Whatever runs from the line with "ANIMAL WORLD PLAYSET" to the end of the records below must be copied exactly, with nothing else included.

• • • •

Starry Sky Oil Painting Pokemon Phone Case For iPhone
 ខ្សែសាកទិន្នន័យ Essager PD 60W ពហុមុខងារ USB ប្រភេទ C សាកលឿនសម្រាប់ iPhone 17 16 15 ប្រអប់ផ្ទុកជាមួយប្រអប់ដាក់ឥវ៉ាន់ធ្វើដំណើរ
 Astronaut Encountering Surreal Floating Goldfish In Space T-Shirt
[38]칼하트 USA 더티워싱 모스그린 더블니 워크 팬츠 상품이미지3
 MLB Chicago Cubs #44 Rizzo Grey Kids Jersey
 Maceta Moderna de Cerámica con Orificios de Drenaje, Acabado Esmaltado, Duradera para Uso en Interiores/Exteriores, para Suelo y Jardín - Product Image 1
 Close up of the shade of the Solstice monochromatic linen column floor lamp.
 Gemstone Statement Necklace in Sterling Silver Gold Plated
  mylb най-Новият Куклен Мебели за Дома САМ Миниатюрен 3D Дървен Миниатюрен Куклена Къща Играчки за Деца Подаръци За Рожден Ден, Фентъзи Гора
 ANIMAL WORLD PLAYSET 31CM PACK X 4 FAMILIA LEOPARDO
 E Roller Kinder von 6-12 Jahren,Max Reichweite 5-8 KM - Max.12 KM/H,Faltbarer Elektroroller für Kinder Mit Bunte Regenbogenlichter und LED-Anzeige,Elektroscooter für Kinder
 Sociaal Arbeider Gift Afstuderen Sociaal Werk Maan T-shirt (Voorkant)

• • • •

*RESPONSE TO THIS EXERCISE*
 ANIMAL WORLD PLAYSET 31CM PACK X 4 FAMILIA LEOPARDO
 E Roller Kinder von 6-12 Jahren,Max Reichweite 5-8 KM - Max.12 KM/H,Faltbarer Elektroroller für Kinder Mit Bunte Regenbogenlichter und LED-Anzeige,Elektroscooter für Kinder
 Sociaal Arbeider Gift Afstuderen Sociaal Werk Maan T-shirt (Voorkant)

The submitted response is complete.